Her meslek grupların zam aldığını ama eczacıların zam alamadığını söyleyen Turgay Yaşar, “Bizler diğer meslek gurupları gibi değiliz, ilaçların alımı ve satışı konusunda tamamen devletin kontrolündeyiz.  İlaçların yüzde 87’sini devlete sattığımız için, burada ana alıcımız devlet. Standart anlamda yüksek vergiler, kiralar ve maaşlar ödeyen işletmeleriz. Hal böyle olunca ilaçların fiyat ucuzluğu konusunda sıkıntı yaşıyoruz. İlaç fiyat kararnamesinin getirdiği dezavantajlı duruma bağlı olarak ilaçlar ucuz satılıyor, bu anlamda ekonomik sıkıntılar yaşıyoruz.  Türkiye’de enflasyon rakamlarına bağlı, her meslek gurubu kendi hak ettiği zamları aldı, ama bunun eczacılara herhangi bir etkisi olmadı. Şuan ilaç fiyatları normal enflasyonun altındayken giderlerimiz bunun üzerinde ilerliyor, bu noktada sorun yaşıyoruz” diye konuştu.

 

“10 eczanenin 7’si kredi batağının içinde”

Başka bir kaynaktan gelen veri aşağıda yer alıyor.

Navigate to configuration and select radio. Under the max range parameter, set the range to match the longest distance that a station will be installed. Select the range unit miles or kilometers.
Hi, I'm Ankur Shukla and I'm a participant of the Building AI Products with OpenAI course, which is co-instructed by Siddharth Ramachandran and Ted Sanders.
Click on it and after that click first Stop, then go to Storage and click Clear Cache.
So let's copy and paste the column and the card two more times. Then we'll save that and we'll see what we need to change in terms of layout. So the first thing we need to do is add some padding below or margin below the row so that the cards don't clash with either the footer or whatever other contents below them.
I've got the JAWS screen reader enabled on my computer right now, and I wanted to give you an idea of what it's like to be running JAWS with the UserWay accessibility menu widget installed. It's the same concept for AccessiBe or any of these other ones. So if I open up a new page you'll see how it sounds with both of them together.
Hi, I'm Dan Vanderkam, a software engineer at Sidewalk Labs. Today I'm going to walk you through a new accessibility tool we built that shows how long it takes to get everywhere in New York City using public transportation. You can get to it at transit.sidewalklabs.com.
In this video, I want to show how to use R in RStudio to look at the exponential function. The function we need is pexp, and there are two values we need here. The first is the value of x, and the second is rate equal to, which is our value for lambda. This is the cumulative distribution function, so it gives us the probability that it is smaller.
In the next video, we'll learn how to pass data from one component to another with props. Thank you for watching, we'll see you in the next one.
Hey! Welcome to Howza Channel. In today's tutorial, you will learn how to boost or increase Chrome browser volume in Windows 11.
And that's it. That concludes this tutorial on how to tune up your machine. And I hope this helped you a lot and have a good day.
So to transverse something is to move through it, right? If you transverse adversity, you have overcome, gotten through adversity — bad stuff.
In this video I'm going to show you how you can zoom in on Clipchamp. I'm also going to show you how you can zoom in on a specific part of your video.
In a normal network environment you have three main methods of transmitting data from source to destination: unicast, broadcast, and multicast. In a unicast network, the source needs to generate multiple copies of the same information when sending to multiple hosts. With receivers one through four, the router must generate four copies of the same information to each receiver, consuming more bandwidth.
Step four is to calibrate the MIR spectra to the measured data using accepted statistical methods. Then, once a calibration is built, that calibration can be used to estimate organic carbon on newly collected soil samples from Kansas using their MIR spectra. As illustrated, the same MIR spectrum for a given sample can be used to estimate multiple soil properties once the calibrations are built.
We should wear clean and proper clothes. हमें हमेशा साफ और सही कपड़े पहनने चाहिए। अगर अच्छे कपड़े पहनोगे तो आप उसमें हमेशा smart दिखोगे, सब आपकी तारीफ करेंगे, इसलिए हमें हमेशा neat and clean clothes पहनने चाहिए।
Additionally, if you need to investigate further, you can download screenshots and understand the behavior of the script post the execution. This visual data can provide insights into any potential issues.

Eczacıların kredi kıskacında olduğunun altını çizen Yaşar, “Bugün 10 eczanenin 7’si kredi batağının içinde. Bu eczaneler yüksek faizle aldıkları kredileri, düşük karlarla sürdüremez. Eczanenin sanatını yapabilmesi için kafasının rahat olması gerekir, ekonomik işlerle uğraşmaması lazım. Türkiye’nin ilaç sarfiyatını düşürebilecek tek meslek gurubu eczacılardır. İlacın başından sonuna kadar bütün aşamalar, eczacıların kontrolünden geçiyor. Eczacılar ilaç konusunda her türlü bilgiye sahip oldukları için, gelen hastaları doğru yönlendirebilir. Bir hasta eczaneye girdiği zaman, eczacı kişinin, halinden ne tür bir hastalığa yakalandığını anlar ve doğru tedaviye yönlendirir ”dedi.